ADDRESS OF PAUL VI
TO THE COLONEL FRANK BORMAN
Saturday, 15 February 1969
«The Heavens are telling the glory of God; and the firmament proclaims His handiwork» (Ps. 18, 2).
In these or in similar words, man has long sought to declare his realization that the beauty and grandeur of the visible universe are a manifestation of the glory of its Creator. The glory of God finds it’s highest expression in the knowledge which God Himself has of His work, in contemplating which He finds a reflection of Himself and of His goodness. More than once, in the narrative of creation which we read at the beginning of the Sacred Text, it is declared that God looked upon the emerging universe, and «saw that it was good» (Gen. 1, 21, 25, 3 1).
But His glory finds expression also in the limited knowledge which men, or angels, have of created things, recognized as the work of God. This recognition of God’s handiwork in creation attains the level of a canticle, of a solemn celebration, when man contemplates the firmament of the sky, whose immensity, depth, silence, and long duration far surpass his puny self (cf. PASCAL, Pensées, 206), leave him terror-stricken, and yet fill him with enthusiasm.

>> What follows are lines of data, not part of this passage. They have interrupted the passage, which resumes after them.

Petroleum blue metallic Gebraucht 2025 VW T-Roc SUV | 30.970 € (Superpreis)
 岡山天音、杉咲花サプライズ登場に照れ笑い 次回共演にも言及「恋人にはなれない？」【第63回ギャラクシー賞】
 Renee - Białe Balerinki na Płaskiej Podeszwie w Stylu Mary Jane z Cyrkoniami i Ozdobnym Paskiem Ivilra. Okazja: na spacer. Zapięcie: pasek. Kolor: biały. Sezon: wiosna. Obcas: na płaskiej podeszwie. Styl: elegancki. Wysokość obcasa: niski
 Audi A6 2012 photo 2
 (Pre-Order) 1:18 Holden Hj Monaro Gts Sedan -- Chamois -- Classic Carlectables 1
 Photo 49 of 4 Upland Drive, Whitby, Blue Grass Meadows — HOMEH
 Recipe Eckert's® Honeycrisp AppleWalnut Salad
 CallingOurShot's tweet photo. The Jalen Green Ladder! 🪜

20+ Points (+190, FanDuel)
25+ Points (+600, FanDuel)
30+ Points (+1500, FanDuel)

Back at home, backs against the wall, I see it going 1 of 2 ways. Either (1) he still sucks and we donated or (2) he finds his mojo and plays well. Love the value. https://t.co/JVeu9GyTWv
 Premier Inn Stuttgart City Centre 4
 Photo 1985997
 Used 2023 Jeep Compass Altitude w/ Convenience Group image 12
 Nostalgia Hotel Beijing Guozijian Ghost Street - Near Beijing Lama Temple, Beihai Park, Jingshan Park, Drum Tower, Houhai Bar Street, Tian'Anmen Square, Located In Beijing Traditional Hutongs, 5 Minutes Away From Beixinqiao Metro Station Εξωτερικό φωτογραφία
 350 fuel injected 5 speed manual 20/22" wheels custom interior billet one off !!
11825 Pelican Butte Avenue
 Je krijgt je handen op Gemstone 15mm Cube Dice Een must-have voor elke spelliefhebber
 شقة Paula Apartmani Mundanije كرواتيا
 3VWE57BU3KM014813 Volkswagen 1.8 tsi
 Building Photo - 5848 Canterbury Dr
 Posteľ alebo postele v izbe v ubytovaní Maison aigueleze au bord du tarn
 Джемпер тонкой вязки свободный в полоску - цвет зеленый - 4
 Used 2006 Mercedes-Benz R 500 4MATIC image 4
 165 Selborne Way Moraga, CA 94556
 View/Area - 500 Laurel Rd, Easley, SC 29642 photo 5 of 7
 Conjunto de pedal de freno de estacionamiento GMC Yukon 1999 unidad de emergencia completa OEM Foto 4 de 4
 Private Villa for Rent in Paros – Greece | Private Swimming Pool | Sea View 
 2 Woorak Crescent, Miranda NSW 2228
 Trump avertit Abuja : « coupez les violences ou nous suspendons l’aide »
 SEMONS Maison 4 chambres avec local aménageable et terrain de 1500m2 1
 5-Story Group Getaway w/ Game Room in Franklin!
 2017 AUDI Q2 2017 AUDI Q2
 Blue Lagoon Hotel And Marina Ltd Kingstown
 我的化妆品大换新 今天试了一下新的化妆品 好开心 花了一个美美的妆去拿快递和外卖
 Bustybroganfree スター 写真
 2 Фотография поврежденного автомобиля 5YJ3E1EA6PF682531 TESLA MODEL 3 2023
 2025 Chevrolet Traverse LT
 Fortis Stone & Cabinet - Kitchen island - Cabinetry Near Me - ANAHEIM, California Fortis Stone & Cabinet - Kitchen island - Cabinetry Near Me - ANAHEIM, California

Today man’s admiration of God’s handiwork speaks with a new voice. Man’s reaching out to unravel the mysteries of the universe reveals more and more the wonders of God’s work and shows forth His glory. He has new cause to exclaim: «O Lord, our Lord, how majestic is Thy name in all the earth! When I look at Thy heavens, the work of Thy fingers, the moon and the stars which Thou hast established» (Ps. 8, 2, 4).
We are happy to greet one of the intrepid travelers who have thus added to man’s knowledge of God’s work, increasing thereby his appreciation of the glory of God which is manifested in creation. We express Our high esteem for the bravery shown by him and by his companions, and We invoke upon them richest blessings and favors from the Lord of the heavens.